Andrew Anglin
Daily Stormer
September 3, 2016
It was just a little group of night food stands they bombed – old people serving beers and grilled seafoods to teenagers. The softest conceivable target.
The King of the Flips has been violently confronted by his enemies – the Moslems.
So far, he hasn’t really done much against them, but they are involved in the Philippines’ drug trade to a large extent, and presumably also view his sheer manliness and aggressive, violent support of the people as a threat, generally.

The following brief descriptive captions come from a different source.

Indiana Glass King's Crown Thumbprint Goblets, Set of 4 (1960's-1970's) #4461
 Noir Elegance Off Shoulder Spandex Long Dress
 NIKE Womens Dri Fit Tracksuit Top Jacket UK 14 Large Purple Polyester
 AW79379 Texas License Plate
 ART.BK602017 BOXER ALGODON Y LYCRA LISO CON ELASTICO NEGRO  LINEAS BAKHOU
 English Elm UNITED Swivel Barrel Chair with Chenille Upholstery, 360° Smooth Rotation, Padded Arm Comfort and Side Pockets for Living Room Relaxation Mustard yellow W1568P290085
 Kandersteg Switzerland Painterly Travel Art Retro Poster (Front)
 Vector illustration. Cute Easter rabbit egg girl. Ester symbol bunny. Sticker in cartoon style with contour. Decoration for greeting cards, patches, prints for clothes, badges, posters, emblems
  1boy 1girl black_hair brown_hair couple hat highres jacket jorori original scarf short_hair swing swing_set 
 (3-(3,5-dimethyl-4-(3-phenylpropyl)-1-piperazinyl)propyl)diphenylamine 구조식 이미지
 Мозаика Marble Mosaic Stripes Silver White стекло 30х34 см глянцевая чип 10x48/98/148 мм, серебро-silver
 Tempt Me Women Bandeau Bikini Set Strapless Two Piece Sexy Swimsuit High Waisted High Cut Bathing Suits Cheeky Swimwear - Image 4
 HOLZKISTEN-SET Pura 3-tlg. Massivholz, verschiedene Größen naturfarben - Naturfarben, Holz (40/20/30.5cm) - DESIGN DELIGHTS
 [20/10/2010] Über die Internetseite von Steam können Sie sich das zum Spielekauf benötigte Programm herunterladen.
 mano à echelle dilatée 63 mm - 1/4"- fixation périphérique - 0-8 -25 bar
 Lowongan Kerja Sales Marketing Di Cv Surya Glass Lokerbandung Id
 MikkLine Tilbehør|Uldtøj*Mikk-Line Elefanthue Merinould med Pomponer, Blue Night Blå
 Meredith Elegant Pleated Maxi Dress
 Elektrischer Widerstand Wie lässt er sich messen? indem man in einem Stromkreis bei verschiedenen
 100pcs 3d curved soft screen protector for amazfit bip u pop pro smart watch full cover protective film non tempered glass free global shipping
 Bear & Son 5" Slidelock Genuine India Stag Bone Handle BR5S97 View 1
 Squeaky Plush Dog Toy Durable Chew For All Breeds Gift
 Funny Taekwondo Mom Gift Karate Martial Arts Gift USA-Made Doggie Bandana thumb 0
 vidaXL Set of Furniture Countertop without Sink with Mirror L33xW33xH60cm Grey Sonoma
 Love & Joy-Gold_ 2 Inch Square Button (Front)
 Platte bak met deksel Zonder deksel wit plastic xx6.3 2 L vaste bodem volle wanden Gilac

They bombed his home town.
The challenge has been accepted.
Philippines President Rodrigo Duterte on Saturday declared a nationwide “state of lawlessness” after an attack in the country’s southern region killed 14 people, granting the military special powers to aid in police operations.
At least 71 people were injured in the explosion Friday night at a market in Davao, a city Duterte led as mayor for 22 years before he assumed the presidency. National Defense Secretary Delfin Lorenzana blamed the Philippines Islamist extremist group Abu Sayyaf for the attack; a presidential spokesman said that parts of an improvised explosive device were found at the scene.
The state of lawlessness permits the police and military to set up checkpoints and patrols, and to search cars and pedestrians.
“It’s not martial law, but it would require nationwide, well-coordinated efforts of the military and the police,” Duterte said, according to the Philippine Daily Inquirer newspaper.
Analysts said that Duterte’s declaration also could abet his brutal — and intensifying — “war on drugs,” which has killed nearly 2,000 suspected drug users and pushers since he took office June 30. Duterte promised that 100,000 drug dealers would be killed in his first six months in office; since then, the country has seen a spike in both police shootings and summary executions by shadowy vigilantes.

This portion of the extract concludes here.